The artists involved were mainly born in the 1920s and 30s, making them contemporaries of westerners such as Yves Klein (1928 – 1962) or Frank Stella (born 1936). In several ways — a use of a highly restricted palette of one color or, at most two, and a complete elimination of the illusion of space — the paintings in Dansaekhwa look quite like the more austere varieties of occidental abstract painting.
But the same paint-mark can mean something quite different in another cultural tradition. In eastern art, calligraphy and painting have always been closely allied. A single gesture of a brush may be form a letter (or part of one); or a similar mark might represent, say, the petal of a lotus. This is the background to the art of the seven Korean artists in the exhibition.
A work by Lee Ufan in the show from his series “From Line” (1979) consists of a series of parallel, vertical strokes, running from the top of a canvas to the bottom. It looks, and is, minimalist. It is also, however, a remarkable exercise in painterly control. Each stroke begins at the top with a fully loaded brush, then — as the pigment slowly runs out — it becomes thinner and thinner, and traces of the individual bristles appear.

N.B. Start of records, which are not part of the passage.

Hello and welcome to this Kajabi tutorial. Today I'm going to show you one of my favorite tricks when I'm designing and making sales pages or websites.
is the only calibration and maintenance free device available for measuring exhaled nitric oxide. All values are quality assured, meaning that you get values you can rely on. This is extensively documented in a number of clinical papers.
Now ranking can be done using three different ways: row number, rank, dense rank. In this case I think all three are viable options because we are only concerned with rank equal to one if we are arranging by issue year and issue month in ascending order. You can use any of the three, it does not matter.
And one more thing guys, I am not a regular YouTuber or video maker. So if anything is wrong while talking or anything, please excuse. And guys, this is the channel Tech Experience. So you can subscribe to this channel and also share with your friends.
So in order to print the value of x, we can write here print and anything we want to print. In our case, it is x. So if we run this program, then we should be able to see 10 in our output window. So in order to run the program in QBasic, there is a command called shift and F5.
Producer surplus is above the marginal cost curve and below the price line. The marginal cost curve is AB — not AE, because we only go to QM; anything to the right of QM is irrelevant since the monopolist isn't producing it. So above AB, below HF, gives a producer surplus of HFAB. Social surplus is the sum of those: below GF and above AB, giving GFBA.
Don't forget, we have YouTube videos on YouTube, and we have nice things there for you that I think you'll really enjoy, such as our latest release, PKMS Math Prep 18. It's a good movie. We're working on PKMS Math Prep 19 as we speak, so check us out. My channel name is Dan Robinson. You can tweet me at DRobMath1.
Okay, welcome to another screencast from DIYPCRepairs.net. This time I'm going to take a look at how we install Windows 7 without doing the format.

Simultaneously, almost imperceptibly, the color changes from a solid blue at the start to wispy yellow at the lower extremity. Each of these long streaks of paint looks as if it was achieved with one continuous movement of the artist’s arm — and, in fact, Lee Ufan, never requires more than three for a single paint line. Executing such a work is an exercise in meditative concentration.

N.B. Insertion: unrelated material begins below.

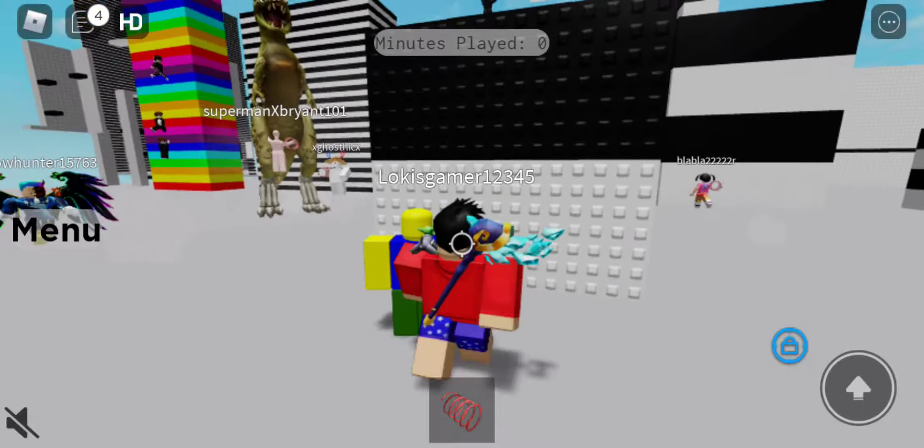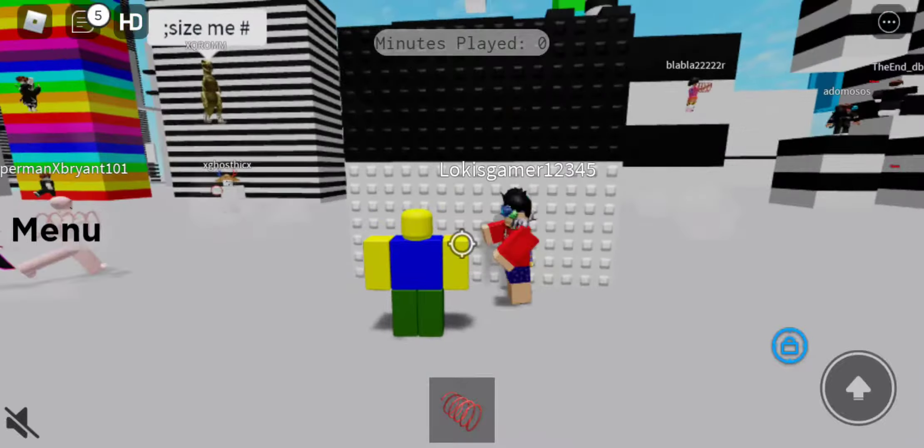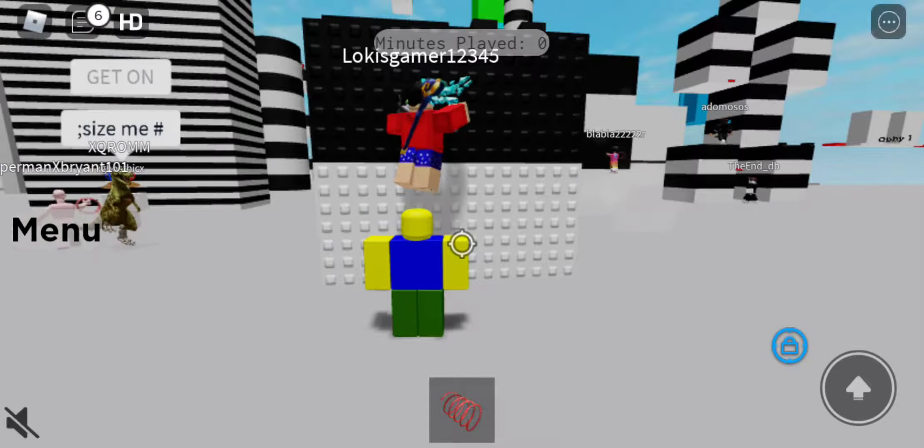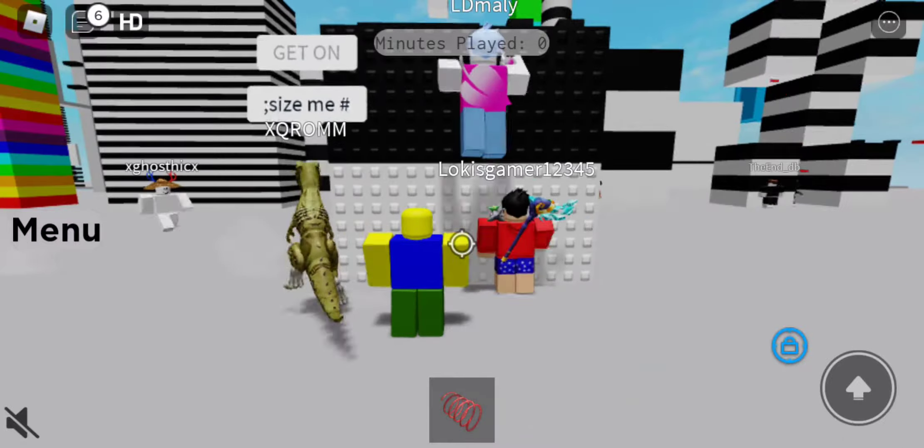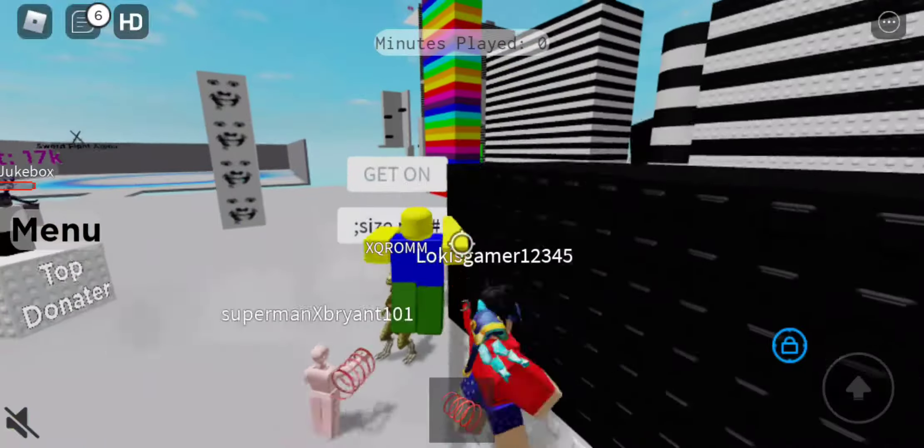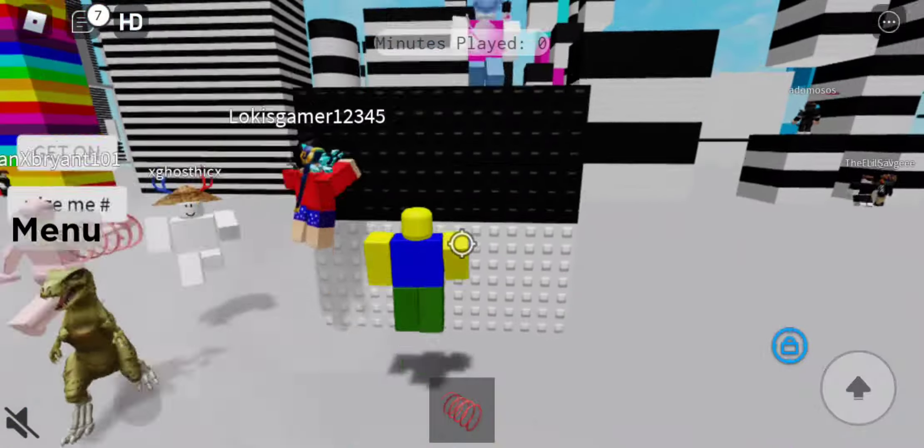Welcome back to another video. Today I'm going to be showing you how to wall hop like this.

The strokes are all fundamentally the same, but endlessly varied in the detailed striations made by the brush within each larger stripe. In this way picture puts you in mind of classical Chinese paintings of bamboo. Each cane and leaf in such a picture is, naturally, rather like the rest; but conversely every single one has its own distinctive energy and identity.
Internationally, Lee Ufan (born 1936) is the best-known of these artists. But the others have similar qualities. Kwon Young Woo (1926-2013) used traditional oriental media such as ink and paper to abstract effect, although some of his works, too, have a look of bamboo. Chung Sang-Hwa (born 1932) folds his canvas to crack the paint layer, creating random lines. Of course, an appreciation of the effects of chance — in the dribbles of glaze on certain Japanese ceramics, for example, has long been an aspect of Eastern art.
In a quiet contemplative way, this is an intriguing exhibition: a demonstration of how eastern and western artists — like those brushstrokes of Lee Ufan — can be at the same time similar, and utterly unalike.